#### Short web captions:
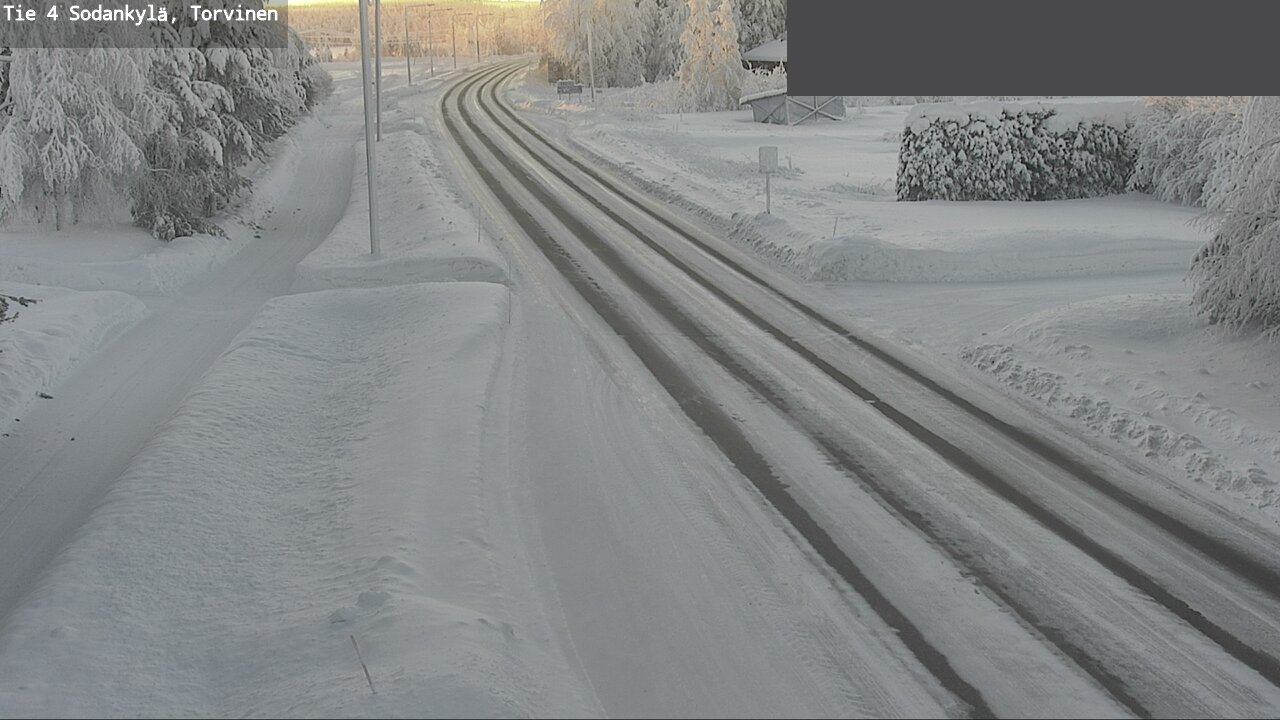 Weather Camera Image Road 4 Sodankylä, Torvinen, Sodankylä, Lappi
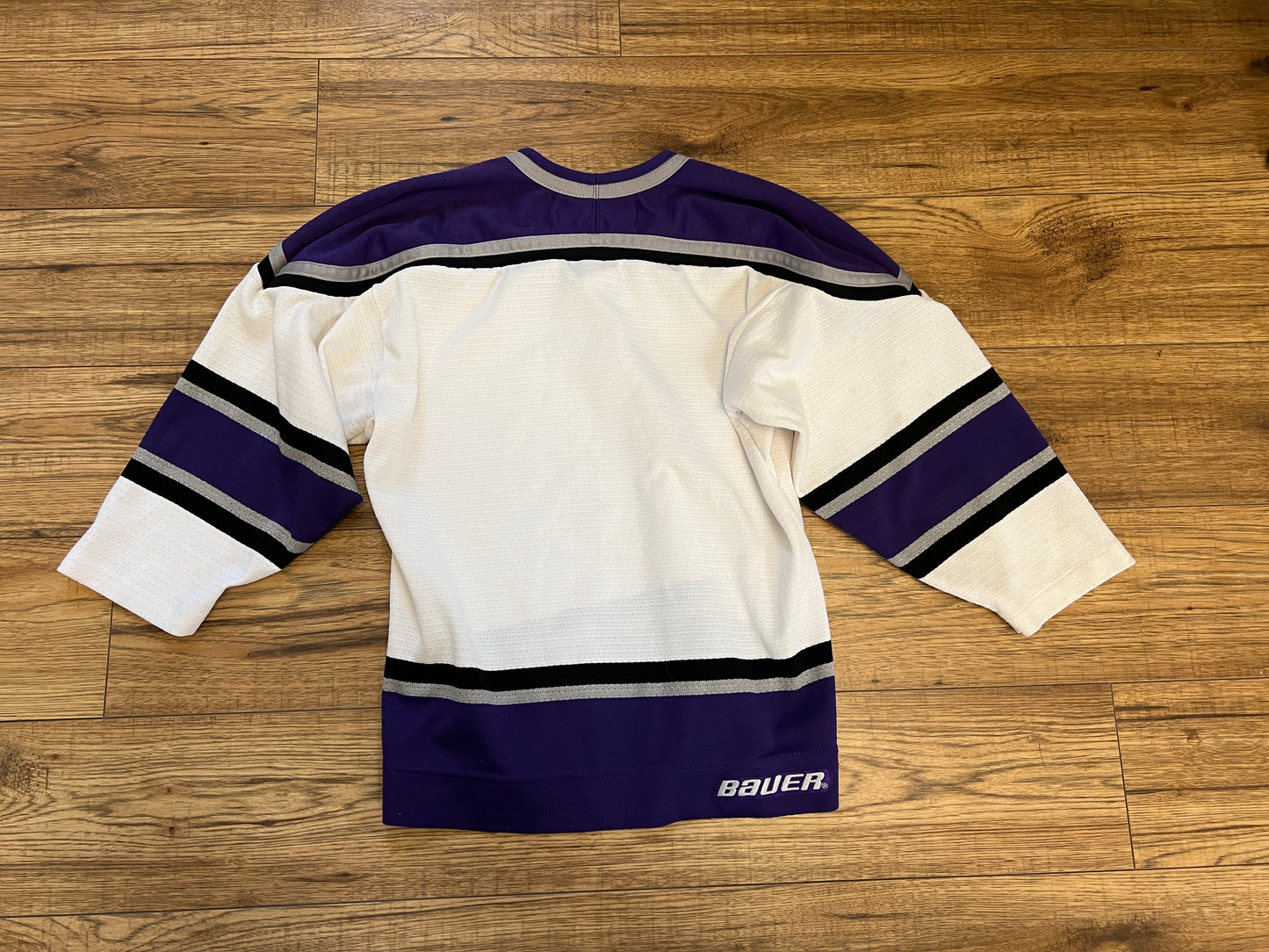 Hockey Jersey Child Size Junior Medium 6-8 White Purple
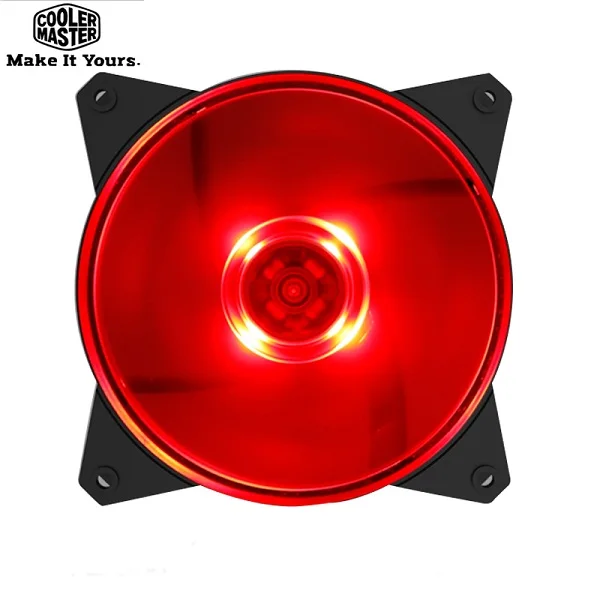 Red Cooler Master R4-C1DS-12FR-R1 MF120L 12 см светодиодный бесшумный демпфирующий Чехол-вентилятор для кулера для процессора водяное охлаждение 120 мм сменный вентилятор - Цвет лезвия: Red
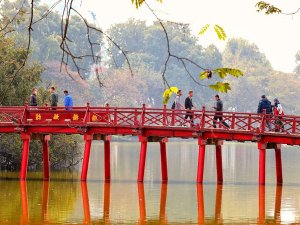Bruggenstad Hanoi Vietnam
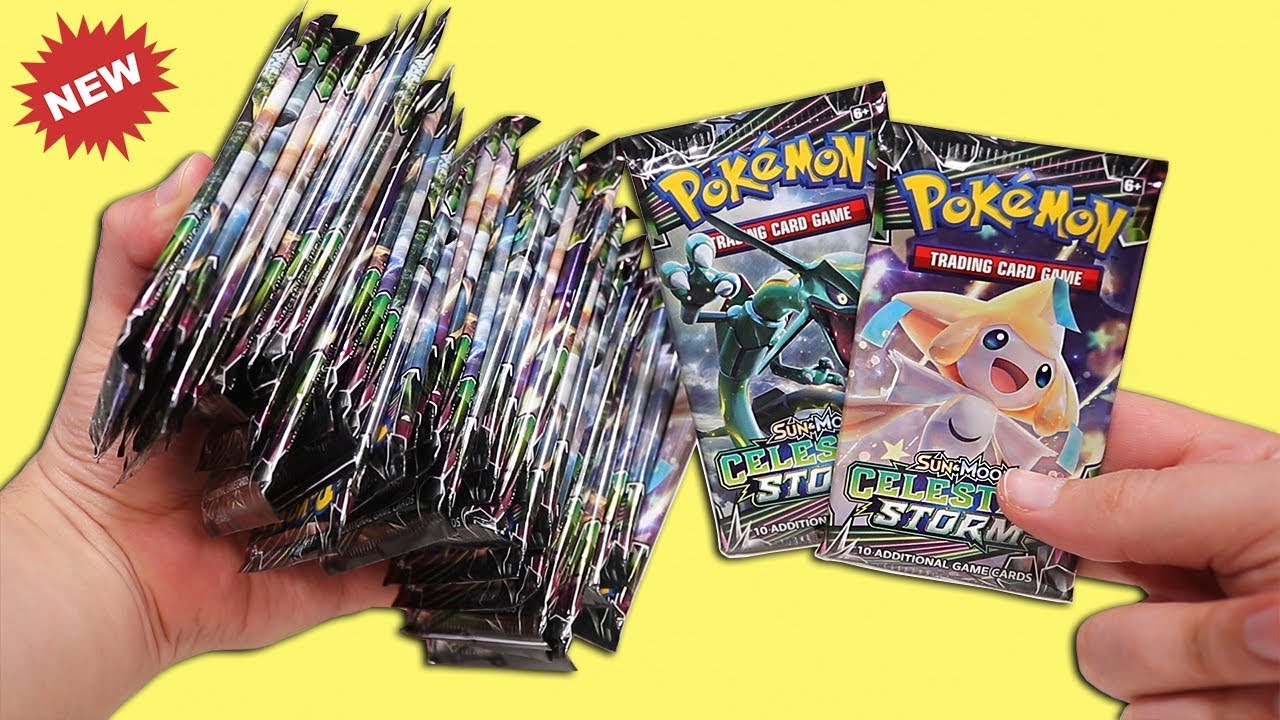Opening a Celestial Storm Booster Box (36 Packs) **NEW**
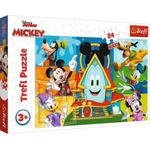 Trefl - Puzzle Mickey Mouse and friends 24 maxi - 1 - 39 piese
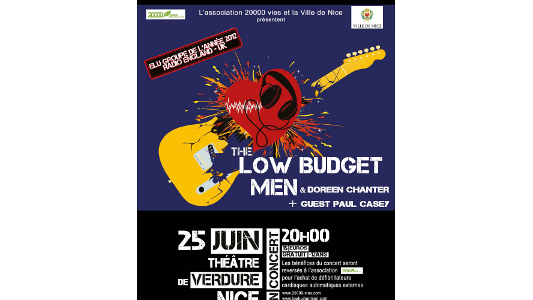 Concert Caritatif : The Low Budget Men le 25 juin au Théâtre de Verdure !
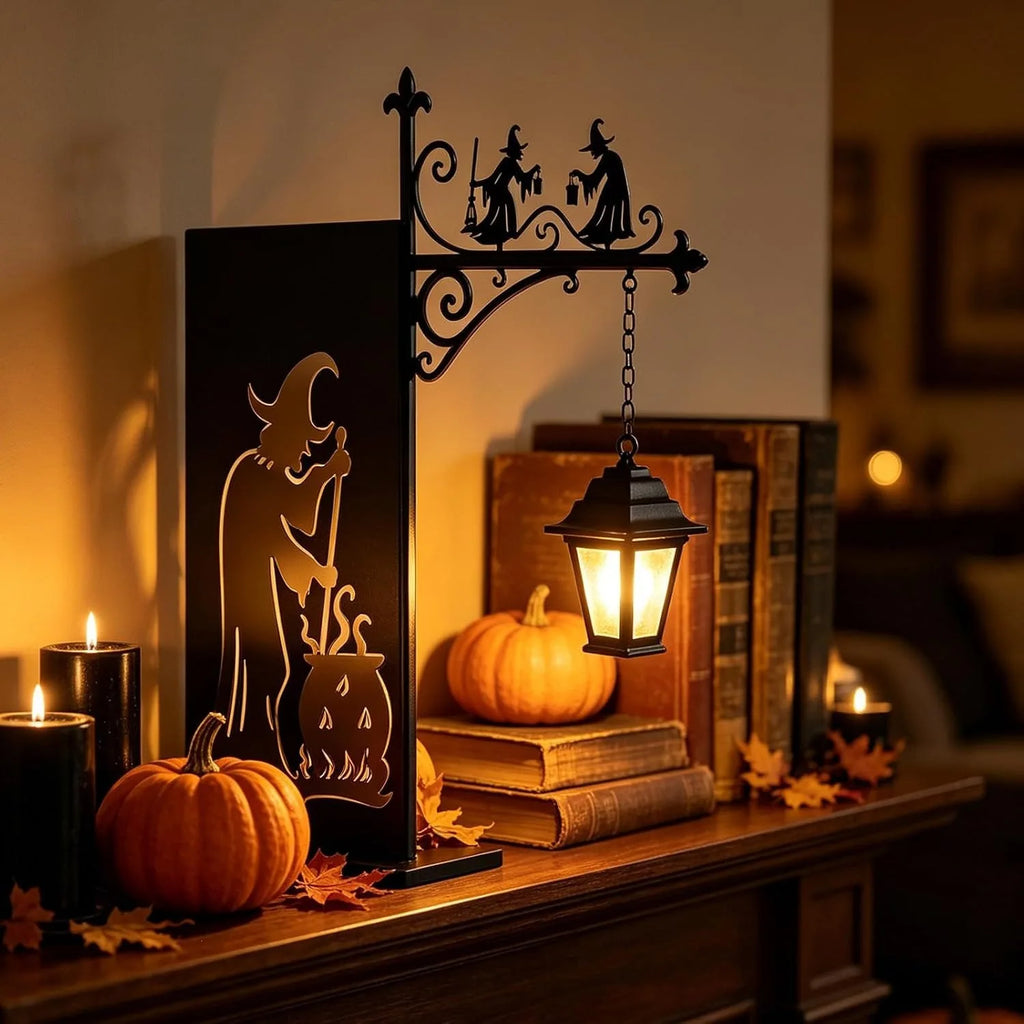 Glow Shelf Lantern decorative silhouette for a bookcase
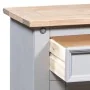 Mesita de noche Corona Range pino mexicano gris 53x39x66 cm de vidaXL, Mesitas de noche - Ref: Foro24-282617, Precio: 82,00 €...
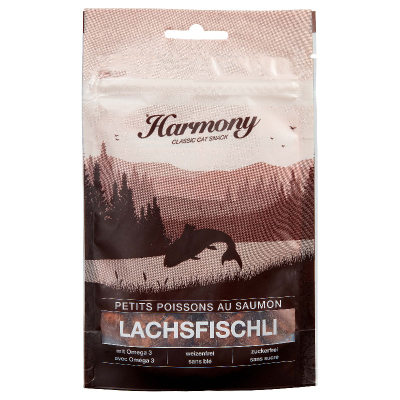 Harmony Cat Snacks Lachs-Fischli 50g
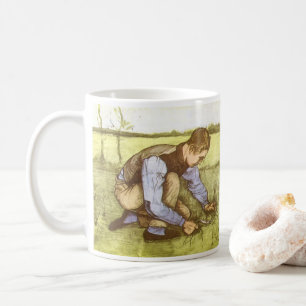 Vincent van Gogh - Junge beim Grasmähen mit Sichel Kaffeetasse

#### To do:
Quote the records above exactly, leaving out any pictures.

#### Solved exercise:
 Weather Camera Image Road 4 Sodankylä, Torvinen, Sodankylä, Lappi
 Hockey Jersey Child Size Junior Medium 6-8 White Purple
 Red Cooler Master R4-C1DS-12FR-R1 MF120L 12 см светодиодный бесшумный демпфирующий Чехол-вентилятор для кулера для процессора водяное охлаждение 120 мм сменный вентилятор - Цвет лезвия: Red
Bruggenstad Hanoi Vietnam
Opening a Celestial Storm Booster Box (36 Packs) **NEW**
 Trefl - Puzzle Mickey Mouse and friends 24 maxi - 1 - 39 piese
 Concert Caritatif : The Low Budget Men le 25 juin au Théâtre de Verdure !
 Glow Shelf Lantern decorative silhouette for a bookcase
 Mesita de noche Corona Range pino mexicano gris 53x39x66 cm de vidaXL, Mesitas de noche - Ref: Foro24-282617, Precio: 82,00 €...
 Harmony Cat Snacks Lachs-Fischli 50g
 Vincent van Gogh - Junge beim Grasmähen mit Sichel Kaffeetasse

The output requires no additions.